Saturday 10 January 2009

Adelaide Labille-Guiard

Adélaide Labille-Guiard, Self-Portrait (c. 1775)
  • There's a prejudice that all artists come from artistic families, and not rarely these artists receive the initial training from their own parents. However, this wasn't the case with Adelaide Labille-Guiard (born in Paris, 11th April 1749 - 24th April 1803), for she was born into the family of a Parisian clothes salesman.

  • At the age of 20, she married a financial clerk named Louis-Nicolas Guiard, but the marriage wasn't successful one, since in 1779 Adelaide was granted a legal separation from her already estranged husband. After a reformation of divorce laws, Adelaide was finally able to marry her former teacher later, François André Vincent, whom she lived happily with until her death.
  • An early passion for art resulted in her commencing training as a miniaturist painter under the supervision of François-Elie Vincent, a Swiss miniaturist, and then studied pastels and portraiture with Maurice-Quentin de la Tour. That led to her exhibitions (1774-1783) at the Academy Saint-Luc, the Academy Royale, and the Salon de la Correspondance, mainly pastel portraits, often of leading members of each Academy like Joseph-Marie Vien.
Adelaide Labille-Guiard, Portrait of François André Vincent, (1795)

  • In 1783 two great things happened in Adelaide's life: she opened her own studio and took on several female pupils, and was also granted a full membership of the Academy Royale with her contemporary Elisabeth-Louise Vigée Le Brun. Rumours were circulated that these two women artists were bitter foes, competitors for the same commissions, but in reality, this competition was a lie circulated by the academy's male members, terrified that these ladies may achieve greater recognition for their work than they would. They may also have feared her determination to see a change in their admissions policy: she dedicated her life to equal opportunities for women artists at the Academy Royale, and in 1785, Adelaide began to petition for a studio in the Palais du Louvre. In 1795, her request was granted; the officials objected to the her female pupils joining the male dominated art of the Louvre.
  • Adelaide went from strength to strength as an exhibiting artist, and in 1787 became the official painter to Louis XVI's numerous aunts. In 1788 the future Louis XVII commissioned her to paint Reception of a Knight of St. Lazare by Monsieur, Grand Master of the Order; this was to be her only large scale piece, which was tragically destroyed in 1793 by the revolutionary forces, whose principles of "Liberté, Egalité et Fraternité" (Freedom, Equality and Brotherhood) obviously did not extend to great works of art.
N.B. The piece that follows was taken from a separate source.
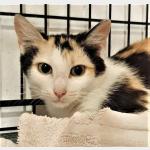 Mishu Vorschau des Tieres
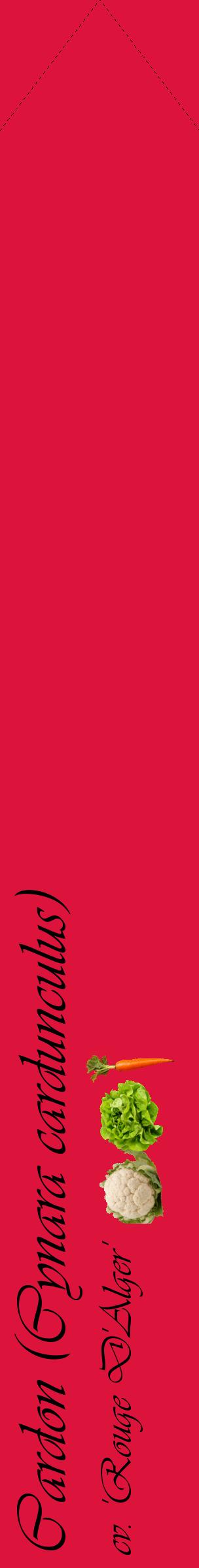 Étiquette de : Cynara cardunculus cv. 'Rouge D'Alger' - format c - style noire36_simpleviv avec comestibilité simplifiée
All that remains of this today is an oil sketch in the Legion D' Honneur in Pairs.
Adelaide Labille-Guiard, Mme Louise-Elisabeth with her two year old son, (1788)

  • Her fortunes could have been very different after her aristocratic clients had met their end beneath the guillotine, but Adelaide instead painted the leaders of the revolution, most notably Alexandre de Bauharnais and Maximillien Robespierre.
Adelaide Labille-Guiard, Maximilien de Robespierre (pastel), 1786
  • These portraits all have a sense of restraint, of calm, created through her skilful blending of pastel. Backgrounds were usually painted to match the colour of the sitters clothes, creating a wonderfully dream like ambience, making even the most martial of subjects seem gentle and thoughtful. This lightness of touch and command of technique was nowhere more evident than in her portraits of women, where the pattern in lace, the texture of silk and velvet, and the softness of hair is apparent.
  • While not as famous as other female artists of her time, or as popular, I truly admire her for fighting for equal rights, against discrimination that shouldn't even have taken place in the art world; her competence in passing the knowledge of her artistic skills to others, and for her obvious intelligence, adaptability to the new social climate derived from the change of political regimes in those turbulent times for France.